Since, however, there are many who are in need, while it is impossible for all to be succoured by means of the same thing, each one is entrusted with the stewardship of his own things, so that out of them he may come to the aid of those who are in need. Nevertheless, if the need is so manifest and urgent, that it is evident that the present need must be remedied by whatever means be at hand (for instance, when a person is in imminent danger, and there is no other possible remedy), then it is lawful for a man to succour his own need by means of another's property, by taking it either openly or secretly; nor is this properly speaking theft or robbery.

It is not theft, properly speaking, to take secretly .and use another's property in a case of extreme need; because that which he takes for the support of his life becomes his own property by reason of that need. In a case of a like need a man may also take secretly another's property in order to succour his neighbour in need." P. 232, Q. 66, Art. 7.

All this teaching is based upon the principle, " In cases of need all things are common property."

Very gradually, as capitalism developed, we hear less and less of common property rights from the official Church, and more and more about the rights of private property. There comes a wave of stealing; first, the rich stealing the common lands of the people, and then the evicted and starving peasants stealing from the rich and being hanged for it. The first stealing was legalised and the second terrorised. We find always in the struggles of the people for their rights, the appeal to this Natural Law and Christian Teaching of the essential common ownership of the earth and its fruits. Thus we find John Ball, Martyr and chief organiser of the Peasants' Revolt of 1381, in one of his famous sermons, saying:

"Good people," cried John Ball, "things will never go well in England so long as goods be not in COMMON, and so long as there be villeins and gentlemen. By what right are they whom we call lords greater folk than we? If we all came of the same parents, ADAM and EVE, how can they prove that they are better than we, if it be not that they make us gain for them by our toil what they spend on their pride? They are clothed in velvet and warm in their furs, while we are covered with rags, They have wines and spices and fair bread; and we oatcakes and straw, and water to drink. They have leisure and fine houses; and we have pain and labour, the rain and the wind in the fields. Yet it is of US and OUR TOIL that these men hold their state."
There is the same appeal in the rebel's complaint of Robert Ket, Martyr, who led the Peasants' Revolt against the enclosures of 1549, on which he says:
"The common pastures left by our predecessors for our relief and our children are taken away. The lands which in the memory of our fathers were common, those are ditched and hedged in and made several; the pastures are enclosed, and we shut out.

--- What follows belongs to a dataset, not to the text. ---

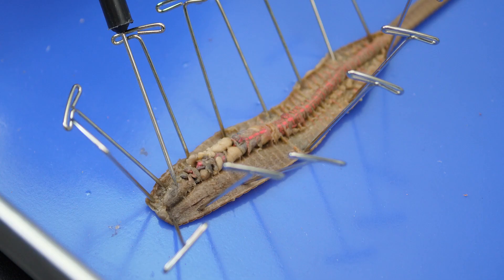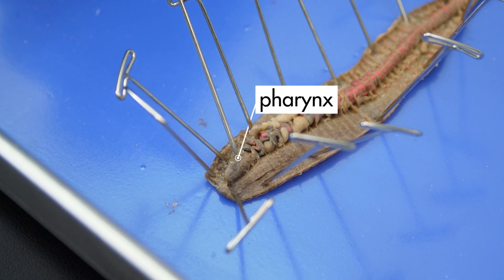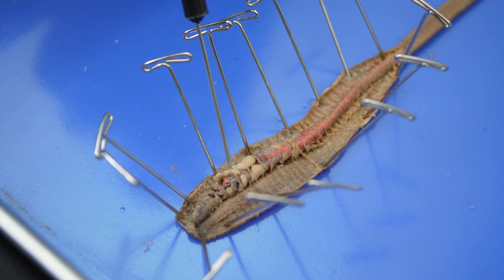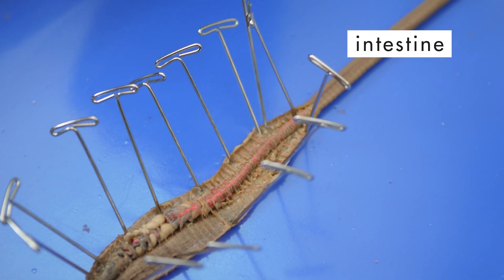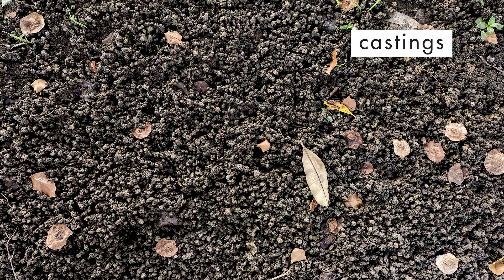With the coelom opened up, we can see the earthworm's digestive system. An earthworm feeds on dirt, which passes from the mouth into the pharynx. From the pharynx, food passes into the esophagus, but we cannot see the esophagus because it is hidden beneath other organs. After passing through the esophagus, food enters the crop, the gizzard, and the intestine, which extends the rest of the length of the worm. Solid waste, called castings, are expelled through the anus at the posterior end of the worm.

Whatsoever the fowls of the air or fishes of the water, and increase of the earth -- all these do they devour, consume and swallow up; yea, Nature doth not suffice to satisfy their lusts but they seek out new devices, and as it were forms of pleasures to embalm and perfume themselves, to abound in pleasant smells, to pour in sweet things to sweet things. Finally, they seek from all places all things for their desire and provocation of lust. While we, in the meantime, eat herbs and roots, and languish with continual labour, and yet are envied that we live, breathe, and enjoy common air! Shall they. as they have brought hedges about common pastures enclose with their intolerable lusts also all the commodities and pleasures of this life, which Nature, the parent of us all would have common, and bringeth forth everyday, for us as well as for them? We can no longer bear so much, so great. and so cruel injury; neither can we with quiet minds behold so great covetousness, excess and pride of the nobility. We will rather take . arms, and mix heaven and earth together, than endure so great cruelty. Nature hath provided for us as well as for them; hath given us body and a soul, and hath not envied us other things. While we have the same form, and the same condition of birth together with them, why should they have a life so unlike unto ours, and differ so far from us in calling?"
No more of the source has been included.